Sebagai insan Pancasilais kita harus pandai menerima dan pandai pula memberi dan ini namanya “pandai bergotong royong dalam kehidupan bermasyarakat”. Kita menghendaki agar Negara menciptakan bagi kita semua kehidupan yang adil dan makmur lahiriah dan batiniah dan kita harus mewujudkan kewajiban-kewajiban kita terhadap Negara dengan sebaik-baiknya. Negara telah memberikan hasil-hasil pembangunan melalui kegiatan pemerintahan yang meliputi segala bidang ekonomi, ideologi, politik, sosial, budaya, pertahanan dan keamanan sehingga kehidupan kita semua menjadi maju dan berkembang dalam suatu Negara yang aman dan kuat bebas dari segala gangguan dan rongrongan dan untuk itu semua kita harus sadar akan kewajiban-kewajiban kita semua terhadap negara, terutama dalam soal pembiayaannya, karena semua hasil pembangunan harus dibiayai. Dalam Negara Republik Indonesia yang kehidupan rakyat dan perekonomiannya sebagian besar bercorak agraris, bumi termasuk perairan dan kekayaan alam yang terkandung di dalamnya mempunyai fungsi penting dalam membangun masyarakat adil dan makmur berdasarkan Pancasila dan Undang-Undang Dasar 1945. Oleh karena itu bagi mereka yang memperoleh manfaat dari bumi dan kekayaan alam yang terkandung di dalamnya, karena mendapat sesuatu hak dari kekuasaaan Negara, wajar menyerahkan sebagian dari kenikmatan yang diperolehnya kepada Negara melalui pajak.
Dari apa yang telah dikemukakan di atas, maka tersimpul falsafah dalam Undang-undang Perpajakan di Negara kita c.q. Undang-undang Nomor 12 Tahun 1994  tentang Pajak Bumi dan Bangunan (PBB) sebagai berikut[2]:
a.       Keikutsertaan dan kegotongroyongan rakyat dalam pembiayaan pembangunan;
b.      Bumi dan bangunan memberikan kedudukan social, ekonomi, yang lebih dan keuntungan bagi pemilik dan/atau yang menguasainya;
c.       Bumi, air dan kekayaan yang terkandung di dalamnya dikuasai oleh Negara;
d.      Sistem perpajakan yang sederhana, mudah dimengerti dan efektif pelaksanaannya.
Diundangkannya UU No.12/1994 tentang PBB oleh Pemerintah adalah sesuai dengan amanat yang terkandung dalam Garis-garis Besar Haluan Negara, di mana Pemerintah perlu mengadakan pembahasan sistem perpajakan yang berlaku dengan sistem yang memberikan kepercayaan kepada Wajib Pajak dalam melaksanakan kewajiban serta memenuhi haknya di bidang perpajakan sehingga dapat mewujudkan perluasan dan peningkatan kesadaran perpajakan serta meratakan pendapatan masyarakat.

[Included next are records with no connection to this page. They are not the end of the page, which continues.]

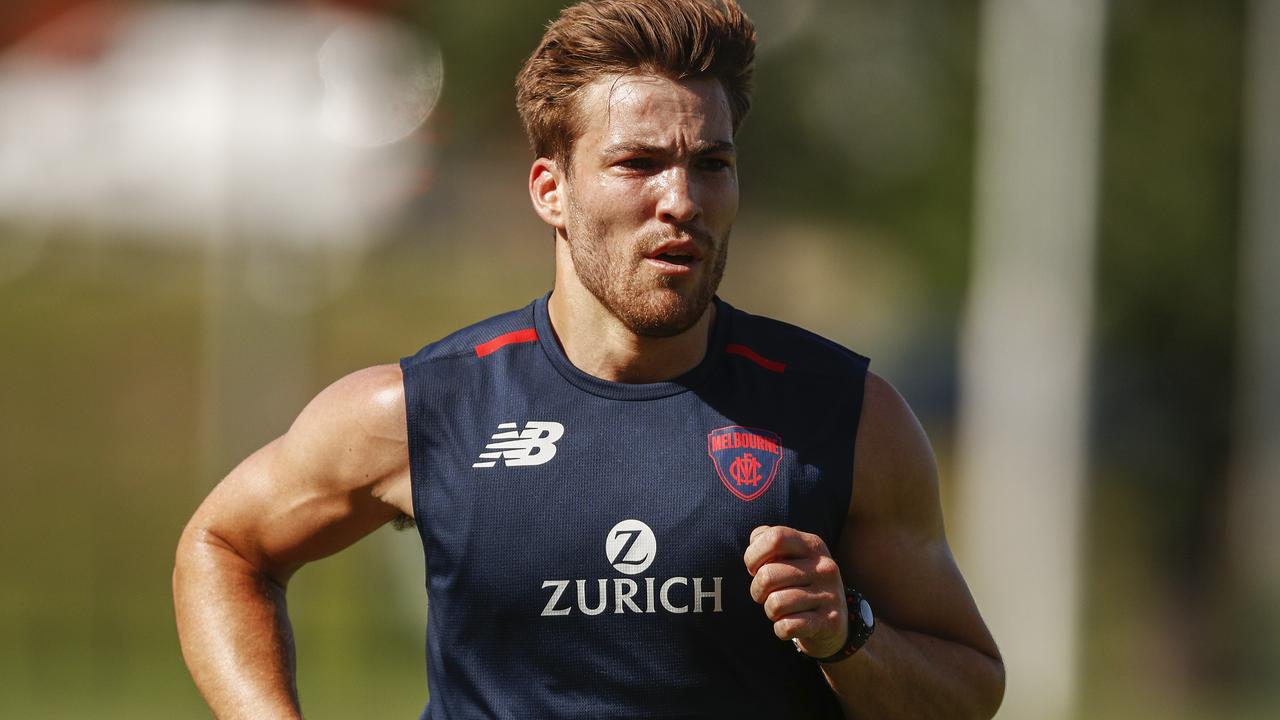 Jack Viney finished an injury-ravaged year in flying form. Picture: AAP Image/Daniel Pockett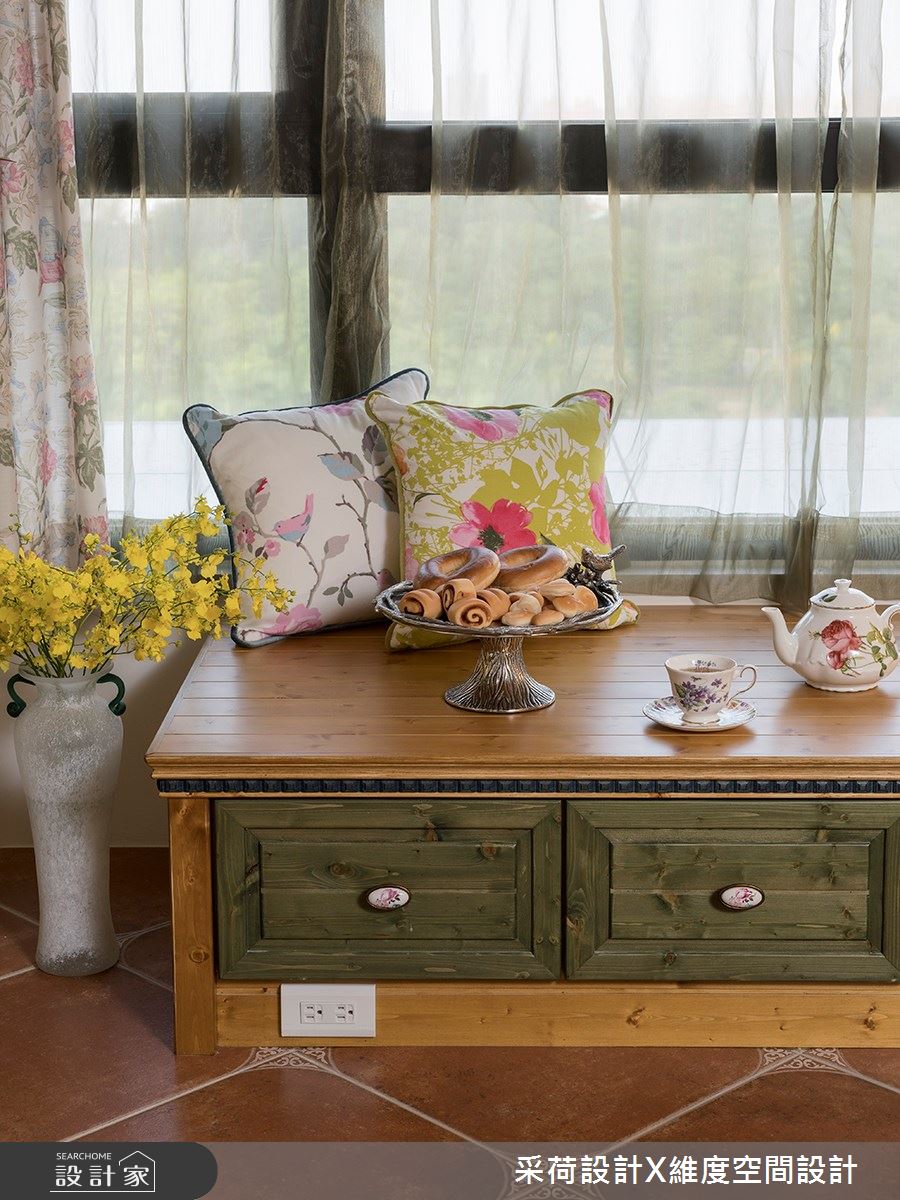 50坪新成屋(5年以下)＿鄉村風客廳案例圖片＿采荷設計X維度空間設計＿采荷X維度_17之11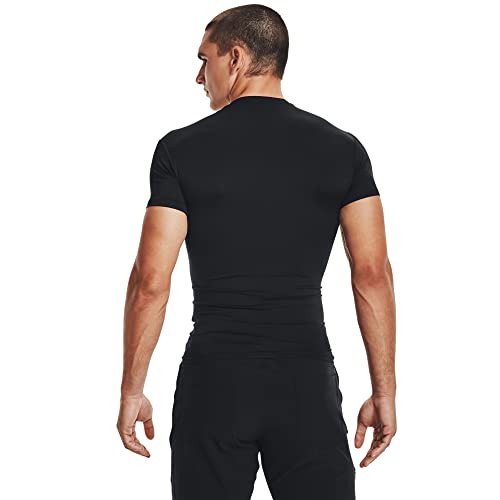 Under Armour Men's HeatGear Tactical Shirt Black Large - Compression & Moisture-Wicking Activewear
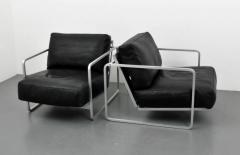  Zanotta Pair of Leather Lounge Chairs Zanotta - 30426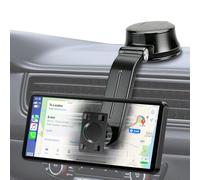 EEEKit Suction Cup Car Mount for CarPlay Screen, 360° Rotation Carplay Display Holder, Adjustable Windshield Dashboard Mount for Most 7-10.26in GPS Navigation Car Stereos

Kesadaran untuk menjadi Wajib Pajak dan memenuhi segala kewajibannya perlu dibina sehingga timbul di setiap kalbu rakyat/ penduduk yang hidup bermasyarakat di Negara Republik Indonesia. Dengan demikian maka roda pemerintahan akan berlangsung lancar demi kepentingan rakyat/penduduk itu sendiri dan lancarnya roda pemerintahan akan melancarkan pula tercapainya keseluruhan cita-cita rakyat/penduduk yang hidup dalam Negara yang adil dan makmur dalam lingkup nilai-nilai Pancasila dan berdasarkan UUD 1945. Setiap rakyat/penduduk harus sadar bahwa kewajiban membayar Pajak Bumi dan Bangunan bukanlah untuk pihak lain, tetapi untuk melancarkan jalannya roda pemerintahan yang mengurusi segala kepentingan rakyat/penduduk sendiri. Jadi sadar berkorban dan pengorbanan itu adalah untuk kepentingannya sendiri dari generasi ke generasi.
Masih cukup banyak rakyat yang tidak sadar akan kewajiban-kewajibannya, yang seharusnya mereka malu untuk kepentingannya, untuk kepentingan anak cucunya mereka enggan memenuhi kewajibannya yang hanya setahun sekali dan jumlahnya yang tidak seberapa. Dapat diumpamakan bahwa mereka yang hidup demikian adalah bagaikan benalu yang ingin hidup secara menumpang pada kehidupan orang lain yang sadar akan kewajiban-kewajibannya. Mereka yang tidak sadar untuk memenuhi kewajiban PBB-nya seakan-akan buta atau menutup mata akan adanya: jalan-jalan dan sarana perhubungan lainnya yang mereka gunakan setiap harinya, sekolah dan rumah sakit yang mencerdaskan dan menyehatkan kelurganya, polisi dan pengadilan yang melindungi dan memberikan ketenangan hidupnya, aparatur pemerintahan dan pertahanan yang memudahkan segala kepentingan dan melenyapkan segala bentuk rongrongan terhadap kemerdekaan hidupnya. Mereka buta atau sengaja membutakan dirinya terhadap segala sesuatu yang mereka perlukan, yang adanya sarana dan aparaturnya memerlukan sejumlah biaya besar.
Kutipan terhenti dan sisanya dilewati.